··· Entries supplied ···

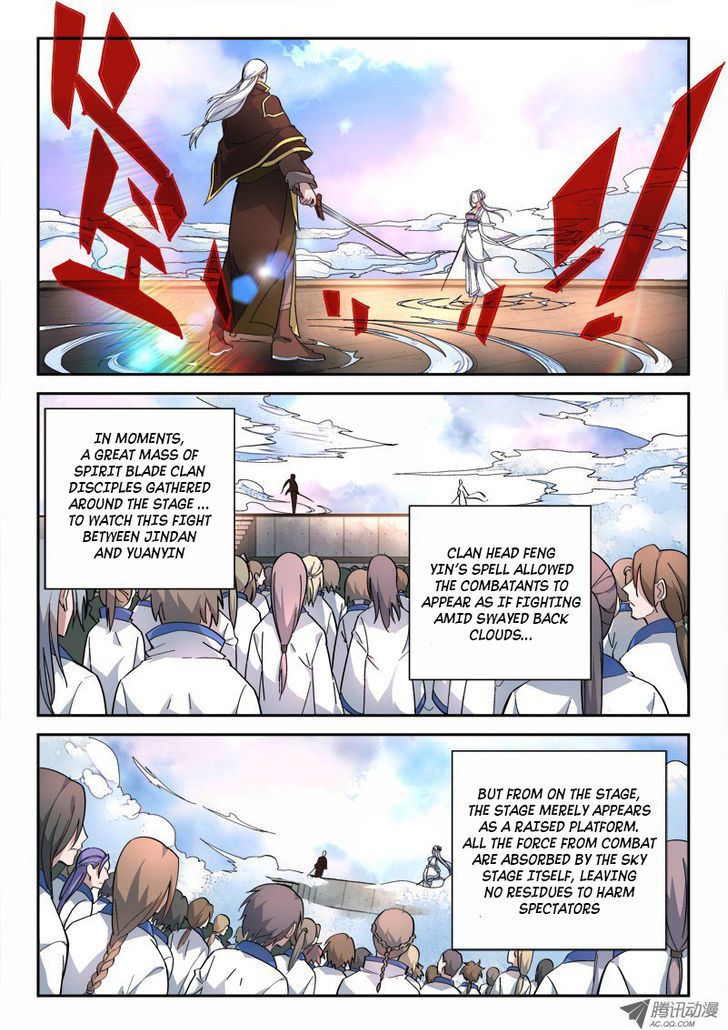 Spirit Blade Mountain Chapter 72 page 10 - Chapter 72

···
··· Entries supplied ···

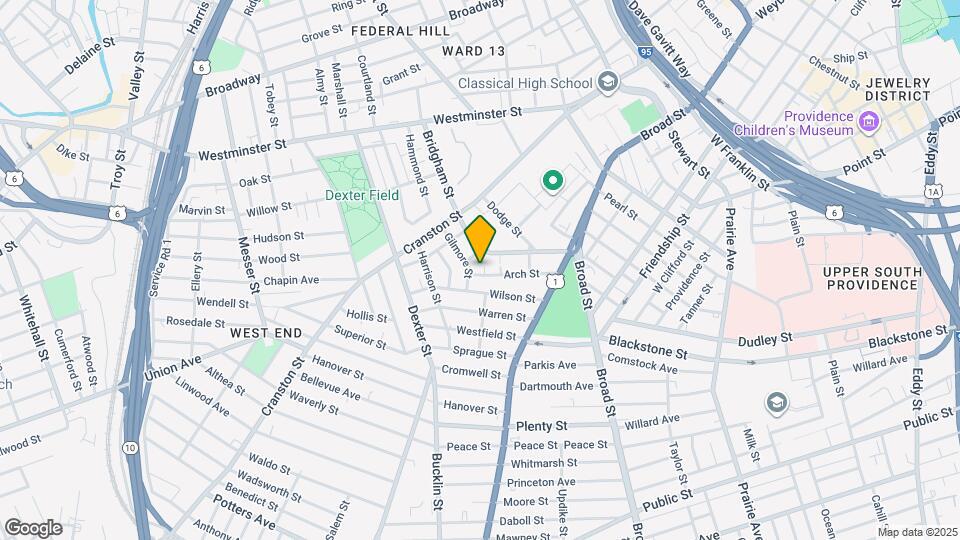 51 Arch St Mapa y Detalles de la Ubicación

···
··· Entries supplied ···

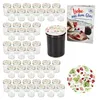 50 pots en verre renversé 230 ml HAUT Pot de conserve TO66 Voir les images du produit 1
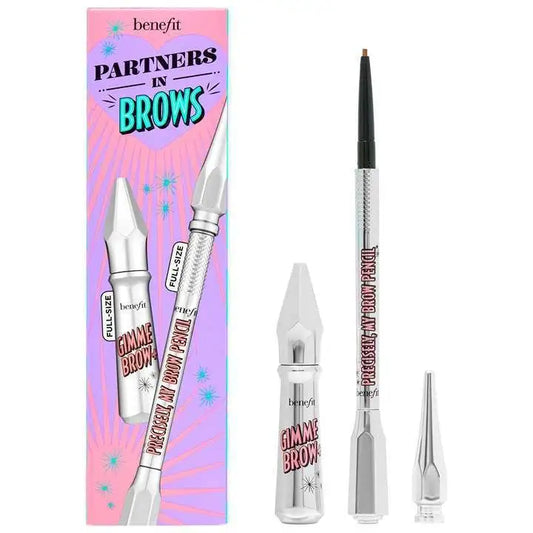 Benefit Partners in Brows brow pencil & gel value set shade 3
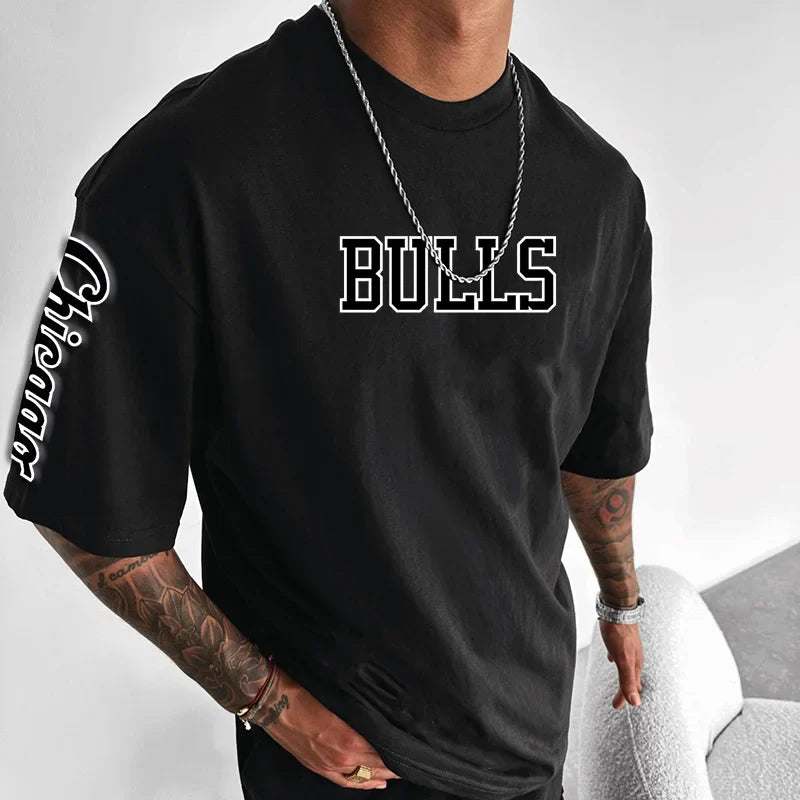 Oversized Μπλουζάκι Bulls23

···

For this exercise, return exactly the lines above from the line with "50 pots en verre" through the line with "Oversized Μπλουζάκι Bulls23", both included. Do not copy the pictures.

Solution to the exercise
 50 pots en verre renversé 230 ml HAUT Pot de conserve TO66 Voir les images du produit 1
 Benefit Partners in Brows brow pencil & gel value set shade 3
 Oversized Μπλουζάκι Bulls23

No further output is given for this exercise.